Un écueil que l’on retrouve dans de nombreux domaines, notamment dans la sphère intellectuelle ou en politique, où beaucoup en font un usage abusif et mal maîtrisé :

Il lui suffit d’ouvrir les vannes de son esprit et de laisser affluer les expressions toutes faites. Elles construiront les phrases à sa place – dans une certaine mesure, elles penseront même pour lui – et, au besoin, elles lui rendront un précieux service en brouillant partiellement le sens de son propos, y compris à ses propres yeux. C’est sur ce plan que le lien spécial unissant politique et dégradation de la langue devient manifeste.

George Orwell évoque « un style imitatif et dénué de vie », composé d’expressions mimétiques et virant au conformisme.

« Le pédantisme est, en général, le paravent de l’ignorance ou de l’imprécision dans la pensée » écrivait Jacqueline de Romilly dans son essai Dans le jardin des mots. On ne saurait mieux dire.

Un instrument au service de la duplicité

Et lorsque, en politique, quelque chose est difficile à entendre par le public, « le langage politique est contraint de se réfugier dans les euphémismes, les sous-entendus et la plus parfaite nébulosité ».

Il est vrai que les politiques maîtrisent l’art de la phraséologie et de la duplicité, pour éviter de dire les choses crûment telles qu’elles sont. Quand ce n’est pas l’inverse et qu’eux ou leurs affidés n’usent du langage au service de la désinformation ou de la plus grossière des manipulations.

« Il est fondamental que le sens impose le mot, et non l’inverse », écrit Orwell.

Il est un fait que les expressions convenues continuent de fleurir, aujourd’hui comme jadis. Le vocabulaire éculé tel que « la casse sociale du service public », le « néolibéralisme » ou autres expressions vagues et creuses de toutes sortes agissent comme autant d’épouvantails remplaçant les idées et le débat par une imagerie aux contours flous et qui sont autant d’impasses pour la pensée.
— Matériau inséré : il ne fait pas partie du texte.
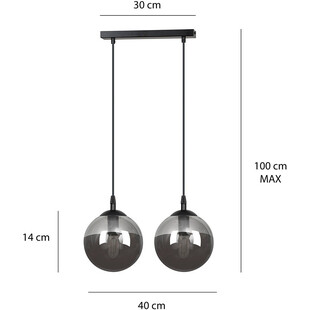 Lampa wisząca Cosmo II Emibig - Szklane kule, grafit
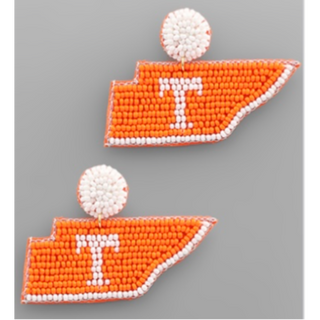 T187- 1.75” Beaded Tennessee Map Earrings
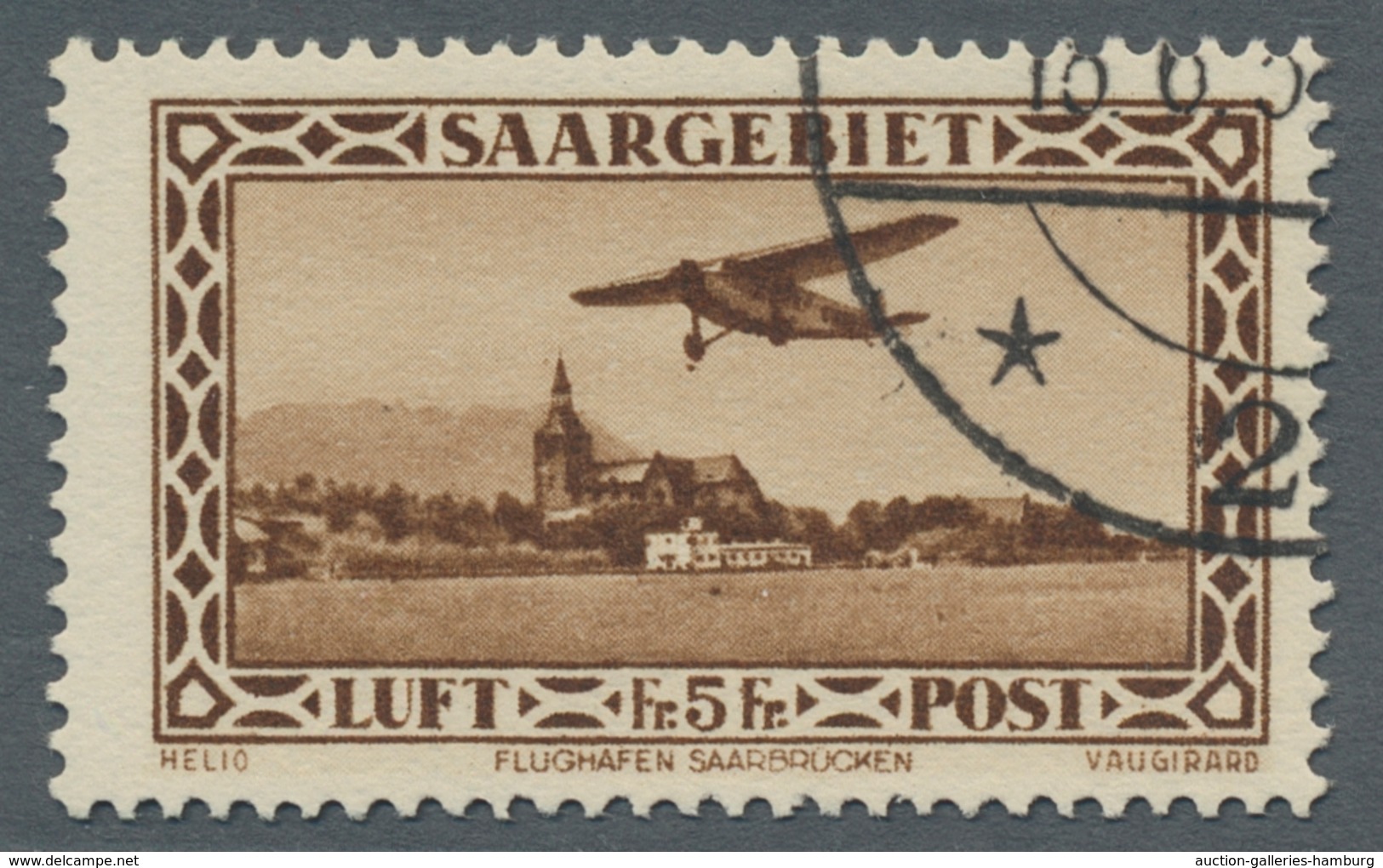 Deutsche Abstimmungsgebiete: Saargebiet: 1932, Flugpostausgabe 5 Franc Mit Plattenfehler "Punkt Unte - Briefe U. Dokumente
Savoir penser par soi-même

Pour conclure, citons de nouveau Jacqueline de Romilly :

« Savoir réfléchir par soi-même et s’exprimer exactement, savoir éviter les duperies de la propagande et les malentendus avec autrui, savoir raisonner et prévoir, n’est-ce pas la suprême liberté ? »

George Orwell, Sommes-nous ce que nous disons ?, Fayard Mille et une nuits, mars 2023, 48 pages.